9 числа поутру барон Игельстром тронулся с своей квартеры и, сопровождаем огромною свитою чиновников, в числе коих и я взмостился на какого-то буцефала, поехал торжественно верхом на поклон к королю в его лагерь. На пути в том самом шатре, в котором оба воины подписали мирный договор, дан был шведским офицерам завтрак от барона Игельстрома, по окончании которого прибыли в шведский стан. У походного королевского двора первое место занимал барон Армфельд. Рана его еще не зажила, и он руку носил в перевязи. Он ввел генерала нашего и всю его свиту в королевскую палатку. Каждый из нас поименно был его величеству представлен, и он со всеми благосклонно обошелся, улыбка с лица его не сходила. После аудиенции дан был нам всем обед.

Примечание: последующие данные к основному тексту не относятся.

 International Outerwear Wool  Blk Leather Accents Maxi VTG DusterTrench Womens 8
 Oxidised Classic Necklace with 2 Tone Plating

Все до полковничьего чина включительно обедали с королем, а ниже полковника чины приглашены были к обер-гофмаршальскому столу. Таков этикет у военного шведского двора. Офицеры гвардии некоторые немножко было поспорили на этот счет, но Игельстром насупил брови, слова два-три произнес весьма увесистых и фанфаронов урезонил. После обеда я был свидетелем блистательнейшей в свете военно-политической церемонии по случаю размена ратификаций. Она совершена между обеими лагерями во Храме Славы, о коем упомянуто выше, среди тех двух наметов, под коими Игельстром и Армфельд, сближая северные народы, сыграли так удачно в доспехах военных роли памятных еще героев Евгения и Виллара. Неумолкаемый шум черни, туда столпившейся, пальба из пушек, ружейный треск, барабанный бой и вид примыкающих с обеих сторон двух разных войск в своем парадном одеянии -- все это делало зрелище великолепным, а всеобщее целованье молодых воинов, кои за неделю пред сим искали смерти один другого, и откровенное их между собою обращение придавали к величеству картины прелестные черты чувствительности чистосердечной. Игельстром был муж своего времени и, насмотревшись на Екатерину, умел возвысить обряды сей церемонии; они так были важны, что, не нарушая слова, можно было минуту размена назвать священной. Еще тогда таинники придворные были скромны и знали про себя, что все это комедия, но воинство, народ и царство вообще, все почитали трактаты венчанных глав клятвою святою и неприкосновенною.